Russell Copeman, le directeur général de l’Association des commissions scolaires anglophones du Québec, se dit partisan des efforts du gouvernement de promouvoir et de protéger le français, mais il juge le projet de loi 96 «discriminatoire». 

«On constate le haut degré d’anxiété et de frustration plutôt remarquable de la communauté anglophone», a-t-il lancé.

Des Autochtones s’inquiètent aussi des conséquences du projet de loi.

La grande cheffe du Conseil mohawk de Kahnawake, Kahsennenhawe Sky-Deer, a déclaré que l’obligation pour les jeunes Autochtones d’apprendre une troisième langue — le français — avait un arôme colonial. Cela imposerait des obstacles à leur voie vers le succès.

«Tenter d’encourager les jeunes d’apprendre une langue autochtone est déjà difficile en soi, a-t-elle souligné au cours d’un entretien téléphonique. Nous voulons toujours encourager nos jeunes à atteindre les étoiles. Ils veulent être médecins, avocats, infirmiers. Les ordres professionnels exigeront des connaissances très strictes du français.»

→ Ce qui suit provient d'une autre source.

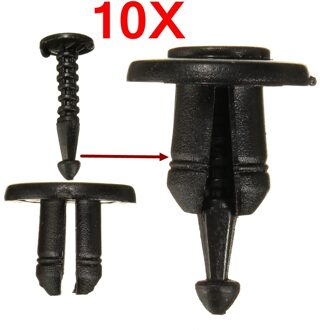 10 Pcs Bumper Fastener Trim Clip Klinknagels Voor Renault Clio Laguna Megane Espace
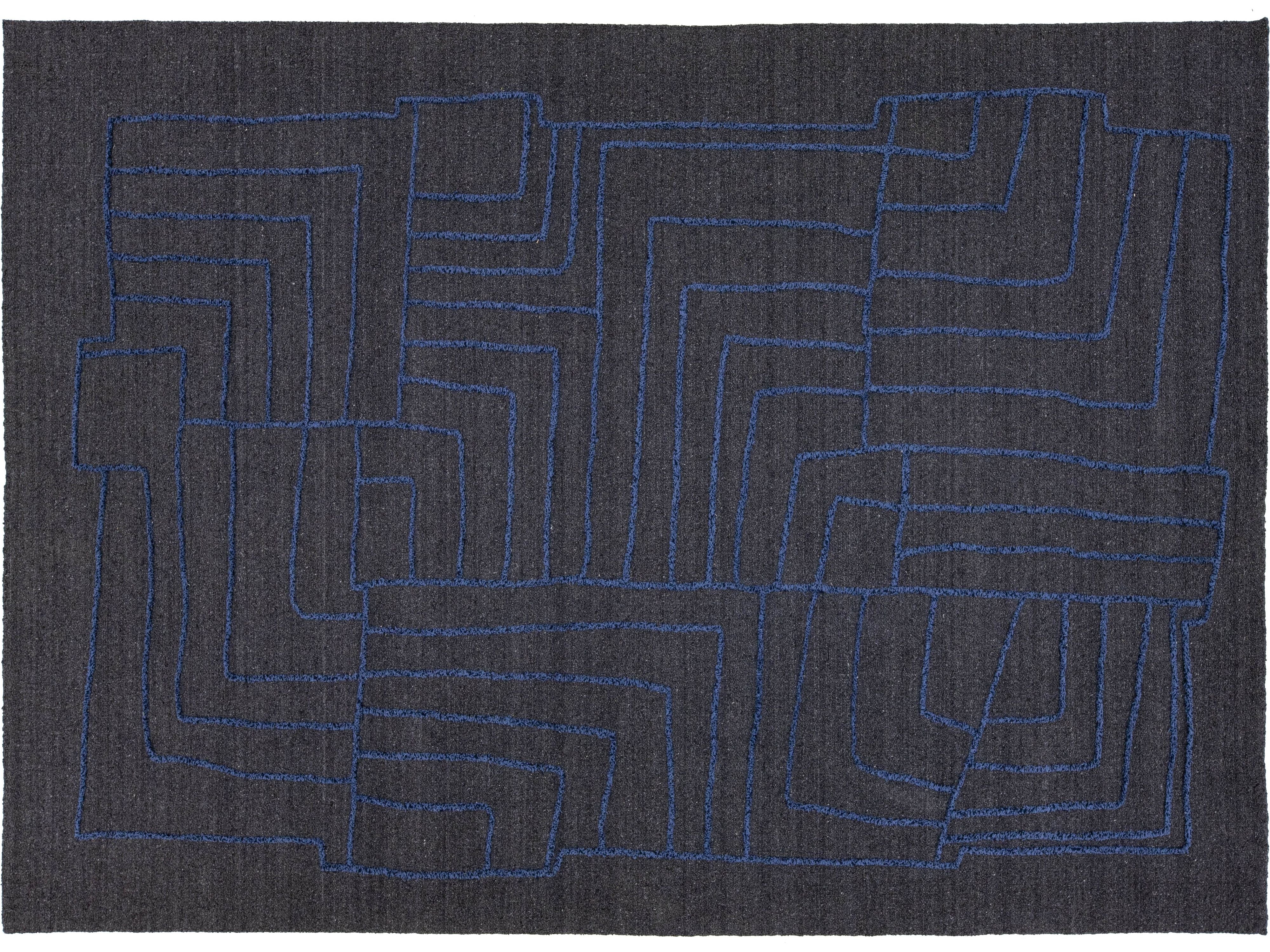 Modern Wool Rug 10 X 14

Les opposants ont été accueillis devant le bureau du premier ministre par une pognée de contre-manifestants. Armés de guitares et de tambourines, ceux-ci leur ont chanté des airs de Jean Leloup et de Gilles Vigneault. Ils ont crié «vive le Québec» et «vive le français» entre chaque chanson. 

Manifestants et contre-manifestants brandissaient des drapeaux fleurdelisés.